--- TASK BRIEF ---
Leave out the pictures and retype, exactly, the lines below from the line with "Contrast Piping Detail" up to and including the line with "2023 Volkswagen Atlas 3.6L SE w/Technology", nothing more.

--- DATA EXTRACTS ---
# # # #

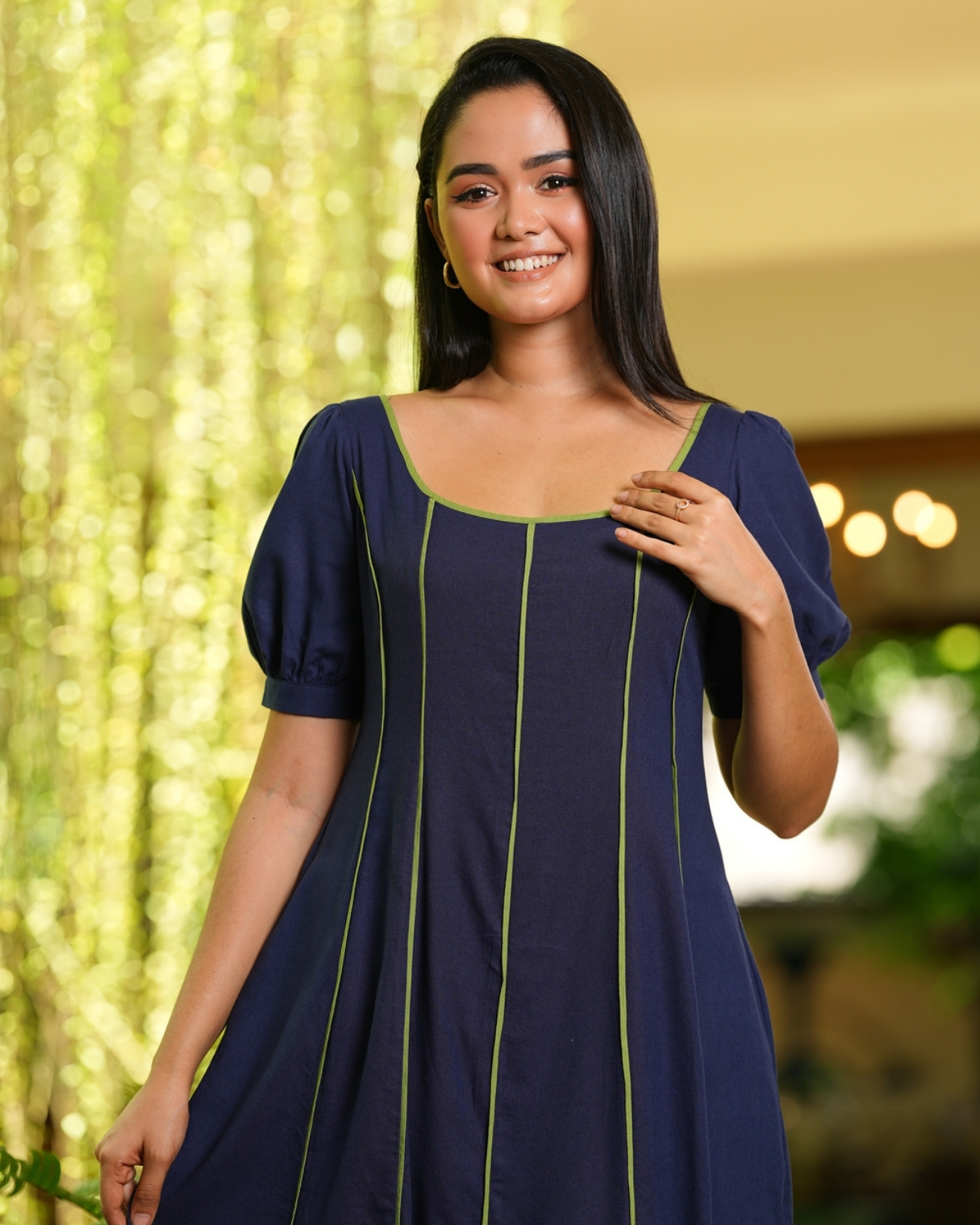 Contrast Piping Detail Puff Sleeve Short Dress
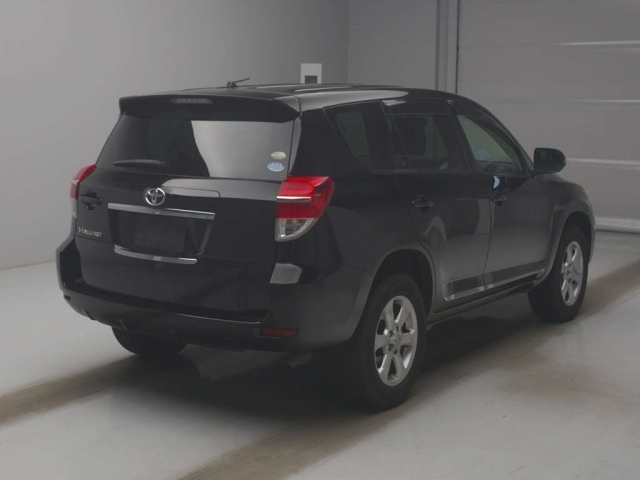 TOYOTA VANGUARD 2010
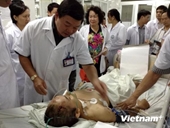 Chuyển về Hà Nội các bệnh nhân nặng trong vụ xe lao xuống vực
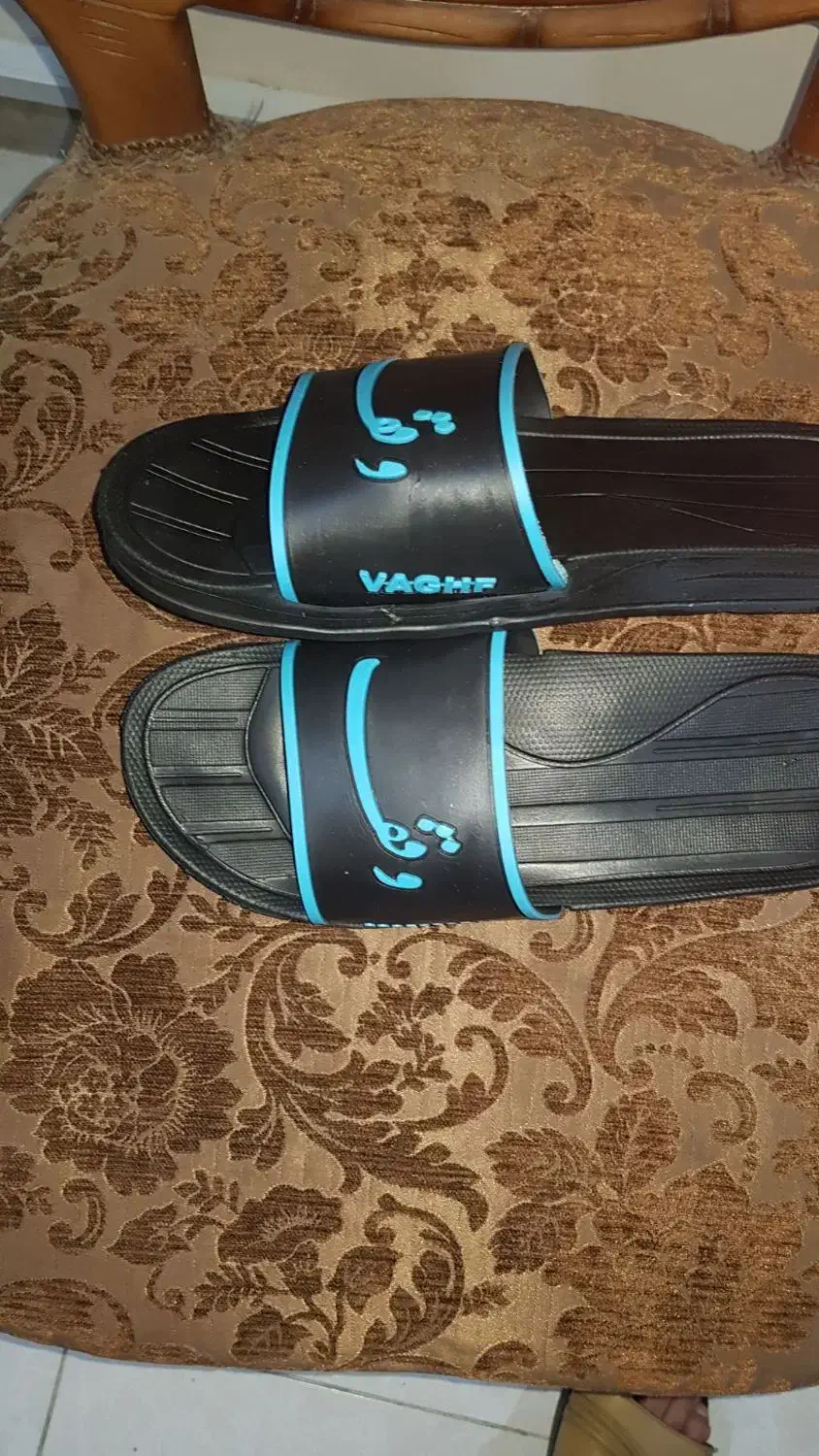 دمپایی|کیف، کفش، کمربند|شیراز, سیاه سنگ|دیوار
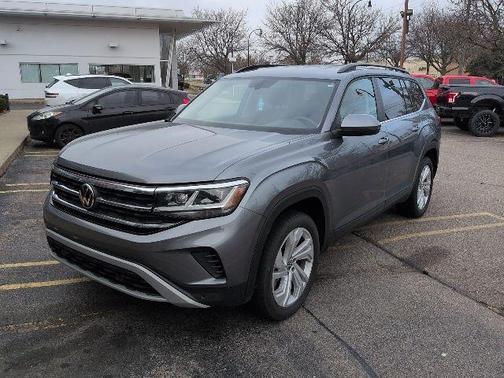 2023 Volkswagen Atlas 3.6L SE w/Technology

# # # #

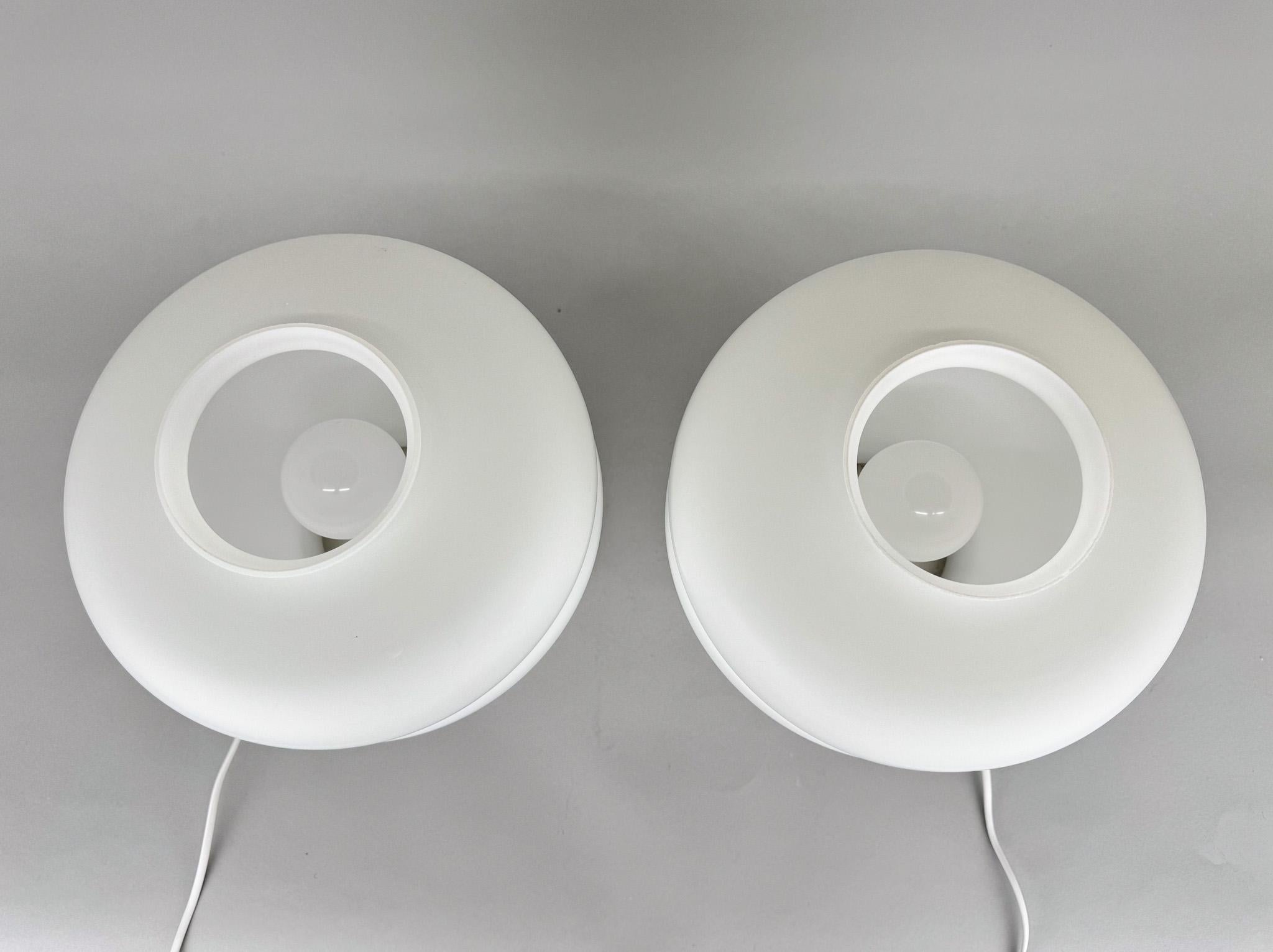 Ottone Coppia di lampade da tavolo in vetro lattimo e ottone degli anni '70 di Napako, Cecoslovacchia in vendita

# # # #

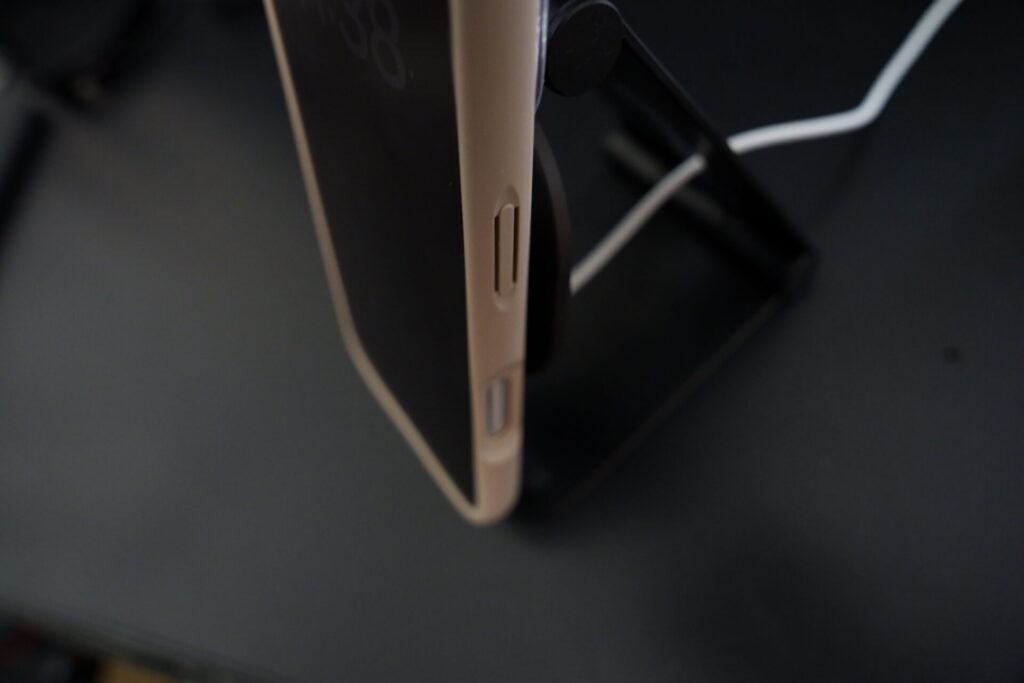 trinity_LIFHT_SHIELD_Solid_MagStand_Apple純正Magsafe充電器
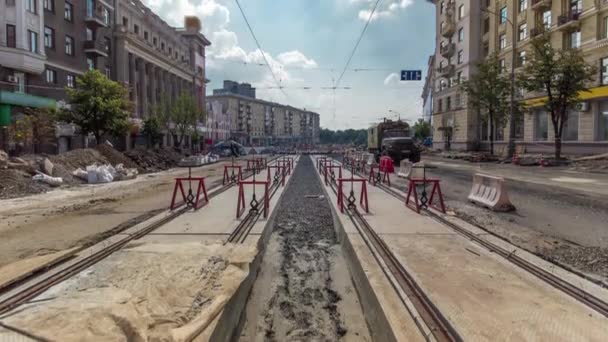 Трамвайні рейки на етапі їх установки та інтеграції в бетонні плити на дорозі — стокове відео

# # # #

--- OUTPUT OF THE TASK ---
 Contrast Piping Detail Puff Sleeve Short Dress
 TOYOTA VANGUARD 2010
 Chuyển về Hà Nội các bệnh nhân nặng trong vụ xe lao xuống vực
 دمپایی|کیف، کفش، کمربند|شیراز, سیاه سنگ|دیوار
 2023 Volkswagen Atlas 3.6L SE w/Technology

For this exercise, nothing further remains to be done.